Take 4 x 300mm, 4 corner cubes and the heatsink. With the heatsink flat surface pointing down, put the 4 profiles around and assemble them using the screws and the cubes. No need for drilling as the profiles will compress around the heatsink keeping it in place.

Bottom part:

Take 4 x 300mm profiles, 4 cubes and the 4 x 520mm profiles. Tight the screws in the three different directions. Place the other 4 300mm profiles at 100mm from the bottom up and use the Gussets to keep them in place. The Gussets should be placed below the profiles. 

Present the upper part at the top of the 4 520mm profiles. Do not tight the screws linking the whole box just yet.

Part 1:

• Blue/Red Panel x 2

Part 2:

• White/Green Panel x 2

Part 1 assembling:

Take 13 Blue LEDs and 12 Red LEDs for the first panel.

Take 12 Blue LEDS and 13 Red LEDs for the second panel.

Part 2 assembling:

Take 13 White LEDs and 12 Green LEDs for the third panel.

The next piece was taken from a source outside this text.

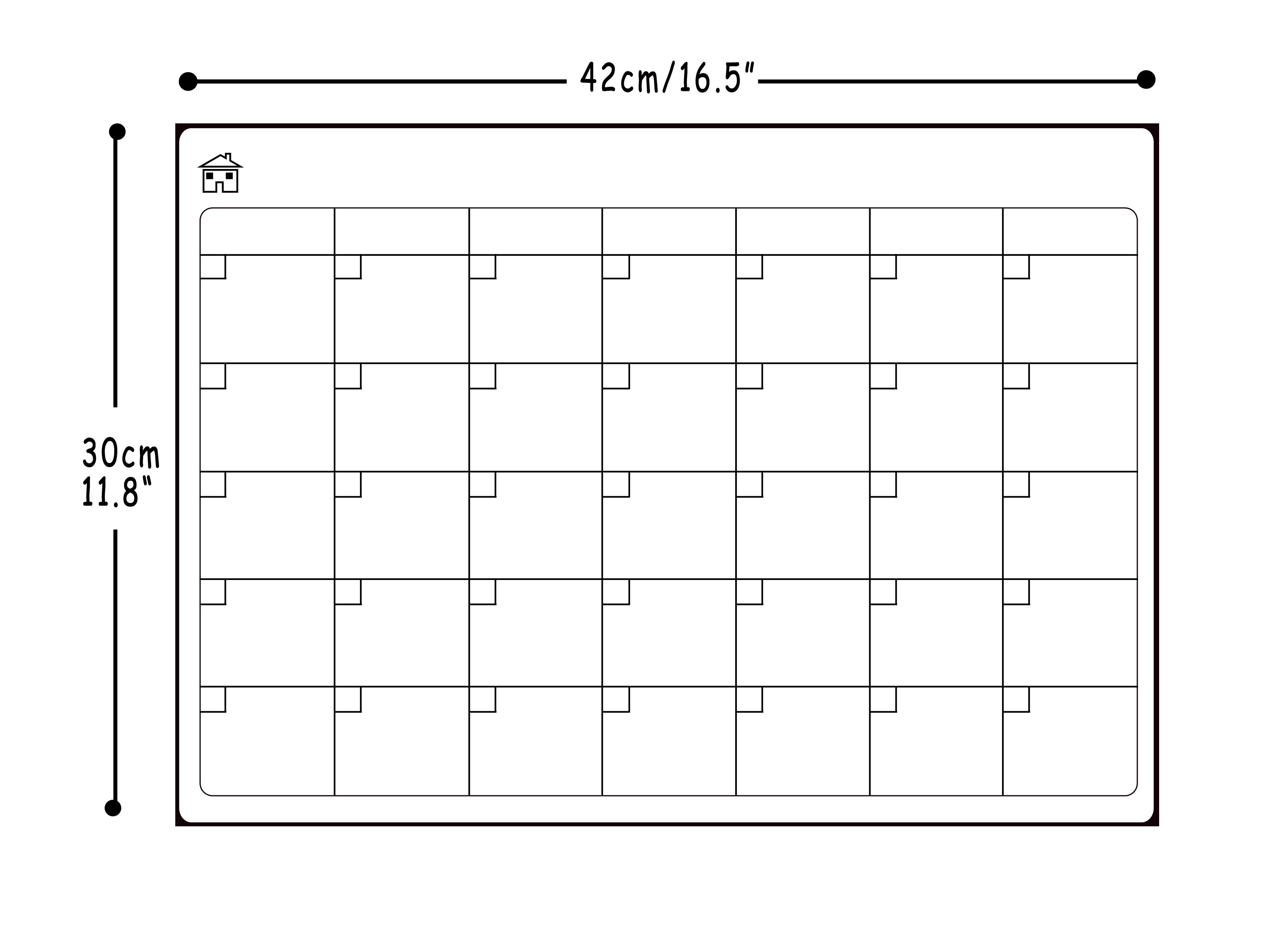 Månedlig kjøleskap kalender 16.5 " x11.8 " magnetisk tørr slette kalendertavle kjøleskap magnetisk tavle oppslagstavle magnetisk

Take 12 White LEDs and 13 Green LEDs for the fourth panel.

Follow the order below:

If you do not have the oven at home, you will have to send the parts to be assembled elsewhere. Another option is to request assembling when requesting the PCB boards from your favourite PCB manufacturer. 

Here is where the fun starts.

Find the centre of the heatsink and drill a 16mm hole. This is to accommodate the USB 3 cable to connect the camera and the LEDs wiring.

Put the USB cable through the hole and connect it to the camera. Please the camera onto position and draw the position for the 4 holes. For M2 screws, use an 1.8mm drill bit. Tap the threads with an M2 tap. Use metal spacers to place the camera.

From the centre hole, draw a square of 80 x 80 which will guide you to place the four boards aligned. Mark with a pencil the corner holes and drill them onto the heatsink using a 2.8mm drill.

Tap the thread using an M3 tap into each hole. Place the boards and secure them with M3 screws.

The same colour panels are connected in parallel. That means that you need to connect the positive connector to the negative of the other board. 

To close the circuit, you need to connect the positive wire from the LED driver to the positive of the first board, then the negative of the first board to the positive of the second board and, finally, the negative of the second board to the negative of the LED driver. 

Your wiring does not need to be as ugly as mine. As a matter of fact, I originally created a whole PCB board of the size of the heatsink to prevent all these wires running amok. But in later stages I decided to go for individual PCBs for each lamp due to the lack of available lenses. I settled for the VIRPI lens of Ledil which, in turn has created problems of its own. Mainly the fact that I need to create an angle to illuminate the samples uniformly. See the Photon Systems Instruments Open FluorCam. 

Another question you may have is what are the small PCBs for? Well, the lamps are too powerful to fulfil the requirement of the Measuring Light (ML), which is illuminating the sample with a beam of less than 1 umol. I will deal with that in one of the Project Logs.

The box was originally design to have mirror panels for better light distribution. This did not work well with the camera. Below My original first version:

For that reason I had to invert the panels, and paint them with a black coating to avoid interference with the camera and also to be able to create the masks.

I also had bought a calibration panel to determine both the minimum and maximum brightness levels which, in the end, was not necessary. The new box below:

Below a picture of the fluorescence of the apricot seedling from above:

As you can see, there are not reflections and the mask is easily obtainable with the whole area painted in black.